Netflix dün, sosyal medya hesaplarında Bennet ailesinin kadınlarını sette gösteren bir kareyi paylaşarak şöyle yazdı:

Bu anı sabırsızlıkla beklediğinizi biliyoruz. Gurur ve Önyargı'nın çekimleri resmen başladı! İşte Emma Corrin, Freya Mavor, Olivia Colman, Hopey Parish, Rhea Norwood ve Hollie Avery'nin Bennet kadınlarını canlandırdığı ilk kare.

Dizide, The Crown'la çıkış yapan Emma Corrin zeki ve asi Elizabeth Bennet'a hayat verirken, Bay Darcy rolünü casus dizisi Slow Horses'la tanınan Jack Lowden üstleniyor. Olivia Colman ise endişeli anne Bayan Bennet'ı canlandırıyor.

Netflix Türkiye de aynı kareyi paylaşarak takipçilerine şu notu düştü:

Zamanın silemeyeceği bir aşk hikayesi. Başrolde Emma Corrin, Jack Lowden ve Olivia Colman. Mini dizi Gurur ve Önyargı'nın çekimleri başladı.

Ancak paylaşımların hemen ardından bazı izleyiciler, oyuncu kadrosuna dair tepkilerini yorumlarda dile getirdi. Bir kullanıcı, "Kendime not: Bugün Netflix aboneliğimi iptal et" diye yazdı.

Başka biri, "Bu oyuncu kadrosu korkunç, ne halt etmişsiniz böyle?" dedi.

Bir başka yorumda "Ciddi olamazsınız" ifadesi yer aldı.

Bir izleyici ise, "Aslında boşverin, bu bana abonelikten çıkmam gerektiğini hatırlattı" dedi.

Az da olsa, Netflix Türkiye'nin yaptığı paylaşıma gelen olumsuz yorumlar da dikkat çekti. Bir kullanıcı "Filmi izleyen, filmdeki karakterleri benimseyen aynı tadı alabilir mi bilmiyorum, muhteşem kadrosu vardı..." yorumunu yaptı.

Bir diğeriyse ekledi:

Elizabeth hangisi? Hiçbiri olamaz gibi.

Variety'nin haberine göre dizide ayrıca Rufus Sewell, Freya Mavor, Jamie Demetriou ve Daryl McCormack gibi isimler de yer alıyor.

Dizinin yönetmen koltuğunda Heartstopper'la tanınan Euros Lyn otururken, senaryoyu Dolly Alderton kaleme alıyor.
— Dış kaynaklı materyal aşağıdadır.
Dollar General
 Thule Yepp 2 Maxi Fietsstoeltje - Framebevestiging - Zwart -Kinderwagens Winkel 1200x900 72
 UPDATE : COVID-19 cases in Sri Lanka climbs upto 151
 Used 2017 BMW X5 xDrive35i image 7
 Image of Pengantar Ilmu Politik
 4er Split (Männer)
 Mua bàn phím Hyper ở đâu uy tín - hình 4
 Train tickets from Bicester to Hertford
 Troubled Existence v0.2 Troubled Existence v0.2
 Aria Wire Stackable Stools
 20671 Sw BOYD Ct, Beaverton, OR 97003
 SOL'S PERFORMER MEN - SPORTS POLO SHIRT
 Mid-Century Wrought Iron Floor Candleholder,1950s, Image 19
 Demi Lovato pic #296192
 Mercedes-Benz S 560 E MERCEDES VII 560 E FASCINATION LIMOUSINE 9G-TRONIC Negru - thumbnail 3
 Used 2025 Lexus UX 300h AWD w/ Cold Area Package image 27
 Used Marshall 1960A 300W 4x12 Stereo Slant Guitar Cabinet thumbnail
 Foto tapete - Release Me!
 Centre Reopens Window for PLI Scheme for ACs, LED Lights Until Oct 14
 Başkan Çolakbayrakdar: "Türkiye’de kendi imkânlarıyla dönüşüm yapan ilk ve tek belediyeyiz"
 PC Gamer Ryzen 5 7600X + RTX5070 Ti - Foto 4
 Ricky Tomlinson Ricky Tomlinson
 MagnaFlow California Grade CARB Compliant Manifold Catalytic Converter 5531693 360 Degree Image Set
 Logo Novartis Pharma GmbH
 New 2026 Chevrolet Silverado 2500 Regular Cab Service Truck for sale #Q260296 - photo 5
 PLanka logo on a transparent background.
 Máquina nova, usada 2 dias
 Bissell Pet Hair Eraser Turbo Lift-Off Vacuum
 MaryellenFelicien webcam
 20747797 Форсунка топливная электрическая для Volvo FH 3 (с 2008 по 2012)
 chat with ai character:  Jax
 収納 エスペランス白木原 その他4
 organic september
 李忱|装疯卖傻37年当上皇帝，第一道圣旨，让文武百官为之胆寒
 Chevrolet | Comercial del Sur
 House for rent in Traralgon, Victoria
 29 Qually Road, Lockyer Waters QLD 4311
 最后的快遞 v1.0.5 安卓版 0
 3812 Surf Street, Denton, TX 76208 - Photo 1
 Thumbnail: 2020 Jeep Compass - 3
Alderton, Variety’ye yaptığı açıklamada şunları söyledi:

Bu hikayeyi yeniden anlatmak, insanın hayatında bir kez karşılaşabileceği bir fırsat. Bu projenin parçası olduğum için kendimi çok şanslı hissediyorum. Jane Austen'in Aşk ve Gurur'u romantik komedi türünün temelini oluşturuyor. Bu sevilen eseri hayata geçirmenin hem tanıdık hem de yeni yollarını bulmak için sayfalarına geri dönmek bir zevkti.